When I train mask rcnn with resnext101 backbone, Loss goes to Nan.
My code is made from pytorch tutorial.

backbone = resnet_fpn_backbone('resnext101_32x8d', pretrained=True, trainable_layers=5)
model = MaskRCNN(backbone, num_classes)
    in_features = model.roi_heads.box_predictor.cls_score.in_features
    model.roi_heads.box_predictor = FastRCNNPredictor(in_features, num_classes)
    in_features_mask = model.roi_heads.mask_predictor.conv5_mask.in_channels
    hidden_layer = 256
    model.roi_heads.mask_predictor = MaskRCNNPredictor(in_features_mask,
                                                       hidden_layer,
                                                       num_classes)

error message :

Epoch: [0]  [   0/1388]  eta: 0:23:07  lr: 0.000010  loss: 2.0952 (2.0952)  loss_classifier: 0.6831 (0.6831)  loss_box_reg: 0.0190 (0.0190)  loss_mask: 0.6889 (0.6889)  loss_objectness: 0.6918 (0.6918)  loss_rpn_box_reg: 0.0123 (0.0123)  time: 0.9999  data: 0.3882  max mem: 0
Loss is nan, stopping training
{'loss_classifier': tensor(nan, device='cuda:1', grad_fn=<NllLossBackward>), 'loss_box_reg': tensor(nan, device='cuda:1', grad_fn=<DivBackward0>), 'loss_mask': tensor(nan, device='cuda:1', grad_fn=<BinaryCrossEntropyWithLogitsBackward>), 'loss_objectness': tensor(0.6931, device='cuda:1', grad_fn=<BinaryCrossEntropyWithLogitsBackward>), 'loss_rpn_box_reg': tensor(0.0050, device='cuda:1', grad_fn=<DivBackward0>)}

When I change the backbone to resnet50 or resnet101, no error occurs.

I try to reduce lr but error still occurs with resnext-like.
How can I solve it?

You could check the forward activations for invalid values via forward hooks as described here.

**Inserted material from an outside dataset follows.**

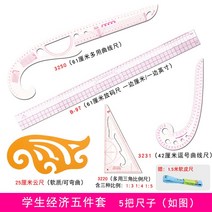 복장 제판함 자판을 치다 놓다 사이즈자 커팅 호선 많다 기능 비율 제도 곡선자 콤비네이션 2627077034, 특혜 5피스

Once you’ve isolated which layer creates the NaN outputs, check it’s inputs as well as parameters.
If the parameters show invalid values, most likely the gradients were too large, the model was diverging, and the parameters were overflowing. On the other hand, if the inputs are containing NaNs, check the previous operation and see, if/how it could create invalid values.

As you saying, I checked the outputs of layers, but I didn’t find any invalid values. Instead, I found loss is very large value on first epoch, first batch:

{'loss_classifier': tensor(2.4077e+09, grad_fn=<NllLossBackward>),
 'loss_box_reg': tensor(2.9896e+09, grad_fn=<DivBackward0>),
 'loss_mask': tensor(8.4899e+10, grad_fn=<BinaryCrossEntropyWithLogitsBackward>),
 'loss_objectness': tensor(2.1843e+09, grad_fn=<BinaryCrossEntropyWithLogitsBackward>),
 'loss_rpn_box_reg': tensor(1.9489e+08, grad_fn=<DivBackward0>)}

After update, in second batch, losses go to Nan.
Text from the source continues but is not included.